WHAT YOU ARE ASKED TO DO
From the first line to the last, return the data exactly as written.

TASK MATERIAL
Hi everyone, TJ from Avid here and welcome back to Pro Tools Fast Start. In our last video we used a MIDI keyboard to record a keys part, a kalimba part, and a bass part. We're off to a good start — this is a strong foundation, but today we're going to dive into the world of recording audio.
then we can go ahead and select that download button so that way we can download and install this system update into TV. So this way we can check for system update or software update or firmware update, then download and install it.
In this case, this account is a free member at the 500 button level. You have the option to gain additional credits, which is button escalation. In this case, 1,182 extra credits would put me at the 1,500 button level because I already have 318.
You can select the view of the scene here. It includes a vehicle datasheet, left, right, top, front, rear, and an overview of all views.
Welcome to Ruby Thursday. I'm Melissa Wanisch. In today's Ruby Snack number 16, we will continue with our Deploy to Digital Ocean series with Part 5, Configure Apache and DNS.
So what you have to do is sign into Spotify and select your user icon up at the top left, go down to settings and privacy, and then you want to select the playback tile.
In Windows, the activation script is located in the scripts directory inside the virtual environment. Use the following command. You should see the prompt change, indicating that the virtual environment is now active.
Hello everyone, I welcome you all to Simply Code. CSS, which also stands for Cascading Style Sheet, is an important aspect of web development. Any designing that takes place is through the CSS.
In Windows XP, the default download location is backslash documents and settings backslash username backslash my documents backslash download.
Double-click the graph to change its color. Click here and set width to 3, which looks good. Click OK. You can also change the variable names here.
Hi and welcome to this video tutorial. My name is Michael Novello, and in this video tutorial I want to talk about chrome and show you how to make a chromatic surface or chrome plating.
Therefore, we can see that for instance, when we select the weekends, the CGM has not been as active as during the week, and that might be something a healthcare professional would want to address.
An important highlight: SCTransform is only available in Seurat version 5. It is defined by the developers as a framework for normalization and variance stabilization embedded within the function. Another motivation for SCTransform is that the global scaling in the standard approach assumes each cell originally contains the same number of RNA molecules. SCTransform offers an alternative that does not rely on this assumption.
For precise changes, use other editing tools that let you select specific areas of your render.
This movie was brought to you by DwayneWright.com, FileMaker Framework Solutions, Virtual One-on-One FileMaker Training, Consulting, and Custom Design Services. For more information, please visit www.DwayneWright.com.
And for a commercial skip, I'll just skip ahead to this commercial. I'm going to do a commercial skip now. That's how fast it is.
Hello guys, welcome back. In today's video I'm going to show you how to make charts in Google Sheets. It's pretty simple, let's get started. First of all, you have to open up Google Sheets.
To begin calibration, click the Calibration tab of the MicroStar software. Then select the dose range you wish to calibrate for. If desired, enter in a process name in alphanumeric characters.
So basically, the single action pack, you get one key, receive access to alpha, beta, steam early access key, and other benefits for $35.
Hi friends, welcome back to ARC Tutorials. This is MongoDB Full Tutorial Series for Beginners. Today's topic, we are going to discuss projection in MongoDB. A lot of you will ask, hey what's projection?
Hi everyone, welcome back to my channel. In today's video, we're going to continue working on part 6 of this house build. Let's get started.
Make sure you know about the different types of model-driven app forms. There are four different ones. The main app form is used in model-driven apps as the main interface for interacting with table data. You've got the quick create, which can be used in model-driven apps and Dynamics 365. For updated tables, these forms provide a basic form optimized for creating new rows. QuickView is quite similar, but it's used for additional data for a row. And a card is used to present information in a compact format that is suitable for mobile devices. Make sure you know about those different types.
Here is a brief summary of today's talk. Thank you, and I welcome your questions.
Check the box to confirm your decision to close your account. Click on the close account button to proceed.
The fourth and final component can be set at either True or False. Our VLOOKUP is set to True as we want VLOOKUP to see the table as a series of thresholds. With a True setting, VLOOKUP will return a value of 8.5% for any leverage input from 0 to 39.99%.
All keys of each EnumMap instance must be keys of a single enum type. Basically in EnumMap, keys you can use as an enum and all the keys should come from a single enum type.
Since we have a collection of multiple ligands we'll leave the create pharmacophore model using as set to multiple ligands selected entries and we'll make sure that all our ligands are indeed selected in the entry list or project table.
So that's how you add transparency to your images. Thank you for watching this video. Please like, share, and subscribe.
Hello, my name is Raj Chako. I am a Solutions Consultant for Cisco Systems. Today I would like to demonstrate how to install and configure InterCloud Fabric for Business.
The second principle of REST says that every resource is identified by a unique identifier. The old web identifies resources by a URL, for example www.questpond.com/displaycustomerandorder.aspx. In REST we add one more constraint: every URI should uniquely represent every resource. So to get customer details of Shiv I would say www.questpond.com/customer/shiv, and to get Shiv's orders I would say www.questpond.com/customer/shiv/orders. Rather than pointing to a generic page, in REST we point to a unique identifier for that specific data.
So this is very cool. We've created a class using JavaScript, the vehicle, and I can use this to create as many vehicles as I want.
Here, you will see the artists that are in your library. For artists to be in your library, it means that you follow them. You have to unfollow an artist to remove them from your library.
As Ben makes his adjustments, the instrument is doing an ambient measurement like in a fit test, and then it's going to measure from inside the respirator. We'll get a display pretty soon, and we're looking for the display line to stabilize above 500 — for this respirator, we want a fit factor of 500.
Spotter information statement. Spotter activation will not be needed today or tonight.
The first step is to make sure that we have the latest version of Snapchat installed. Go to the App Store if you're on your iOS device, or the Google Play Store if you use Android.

ANSWER BOX
Hi everyone, TJ from Avid here and welcome back to Pro Tools Fast Start. In our last video we used a MIDI keyboard to record a keys part, a kalimba part, and a bass part. We're off to a good start — this is a strong foundation, but today we're going to dive into the world of recording audio.
then we can go ahead and select that download button so that way we can download and install this system update into TV. So this way we can check for system update or software update or firmware update, then download and install it.
In this case, this account is a free member at the 500 button level. You have the option to gain additional credits, which is button escalation. In this case, 1,182 extra credits would put me at the 1,500 button level because I already have 318.
You can select the view of the scene here. It includes a vehicle datasheet, left, right, top, front, rear, and an overview of all views.
Welcome to Ruby Thursday. I'm Melissa Wanisch. In today's Ruby Snack number 16, we will continue with our Deploy to Digital Ocean series with Part 5, Configure Apache and DNS.
So what you have to do is sign into Spotify and select your user icon up at the top left, go down to settings and privacy, and then you want to select the playback tile.
In Windows, the activation script is located in the scripts directory inside the virtual environment. Use the following command. You should see the prompt change, indicating that the virtual environment is now active.
Hello everyone, I welcome you all to Simply Code. CSS, which also stands for Cascading Style Sheet, is an important aspect of web development. Any designing that takes place is through the CSS.
In Windows XP, the default download location is backslash documents and settings backslash username backslash my documents backslash download.
Double-click the graph to change its color. Click here and set width to 3, which looks good. Click OK. You can also change the variable names here.
Hi and welcome to this video tutorial. My name is Michael Novello, and in this video tutorial I want to talk about chrome and show you how to make a chromatic surface or chrome plating.
Therefore, we can see that for instance, when we select the weekends, the CGM has not been as active as during the week, and that might be something a healthcare professional would want to address.
An important highlight: SCTransform is only available in Seurat version 5. It is defined by the developers as a framework for normalization and variance stabilization embedded within the function. Another motivation for SCTransform is that the global scaling in the standard approach assumes each cell originally contains the same number of RNA molecules. SCTransform offers an alternative that does not rely on this assumption.
For precise changes, use other editing tools that let you select specific areas of your render.
This movie was brought to you by DwayneWright.com, FileMaker Framework Solutions, Virtual One-on-One FileMaker Training, Consulting, and Custom Design Services. For more information, please visit www.DwayneWright.com.
And for a commercial skip, I'll just skip ahead to this commercial. I'm going to do a commercial skip now. That's how fast it is.
Hello guys, welcome back. In today's video I'm going to show you how to make charts in Google Sheets. It's pretty simple, let's get started. First of all, you have to open up Google Sheets.
To begin calibration, click the Calibration tab of the MicroStar software. Then select the dose range you wish to calibrate for. If desired, enter in a process name in alphanumeric characters.
So basically, the single action pack, you get one key, receive access to alpha, beta, steam early access key, and other benefits for $35.
Hi friends, welcome back to ARC Tutorials. This is MongoDB Full Tutorial Series for Beginners. Today's topic, we are going to discuss projection in MongoDB. A lot of you will ask, hey what's projection?
Hi everyone, welcome back to my channel. In today's video, we're going to continue working on part 6 of this house build. Let's get started.
Make sure you know about the different types of model-driven app forms. There are four different ones. The main app form is used in model-driven apps as the main interface for interacting with table data. You've got the quick create, which can be used in model-driven apps and Dynamics 365. For updated tables, these forms provide a basic form optimized for creating new rows. QuickView is quite similar, but it's used for additional data for a row. And a card is used to present information in a compact format that is suitable for mobile devices. Make sure you know about those different types.
Here is a brief summary of today's talk. Thank you, and I welcome your questions.
Check the box to confirm your decision to close your account. Click on the close account button to proceed.
The fourth and final component can be set at either True or False. Our VLOOKUP is set to True as we want VLOOKUP to see the table as a series of thresholds. With a True setting, VLOOKUP will return a value of 8.5% for any leverage input from 0 to 39.99%.
All keys of each EnumMap instance must be keys of a single enum type. Basically in EnumMap, keys you can use as an enum and all the keys should come from a single enum type.
Since we have a collection of multiple ligands we'll leave the create pharmacophore model using as set to multiple ligands selected entries and we'll make sure that all our ligands are indeed selected in the entry list or project table.
So that's how you add transparency to your images. Thank you for watching this video. Please like, share, and subscribe.
Hello, my name is Raj Chako. I am a Solutions Consultant for Cisco Systems. Today I would like to demonstrate how to install and configure InterCloud Fabric for Business.
The second principle of REST says that every resource is identified by a unique identifier. The old web identifies resources by a URL, for example www.questpond.com/displaycustomerandorder.aspx. In REST we add one more constraint: every URI should uniquely represent every resource. So to get customer details of Shiv I would say www.questpond.com/customer/shiv, and to get Shiv's orders I would say www.questpond.com/customer/shiv/orders. Rather than pointing to a generic page, in REST we point to a unique identifier for that specific data.
So this is very cool. We've created a class using JavaScript, the vehicle, and I can use this to create as many vehicles as I want.
Here, you will see the artists that are in your library. For artists to be in your library, it means that you follow them. You have to unfollow an artist to remove them from your library.
As Ben makes his adjustments, the instrument is doing an ambient measurement like in a fit test, and then it's going to measure from inside the respirator. We'll get a display pretty soon, and we're looking for the display line to stabilize above 500 — for this respirator, we want a fit factor of 500.
Spotter information statement. Spotter activation will not be needed today or tonight.
The first step is to make sure that we have the latest version of Snapchat installed. Go to the App Store if you're on your iOS device, or the Google Play Store if you use Android.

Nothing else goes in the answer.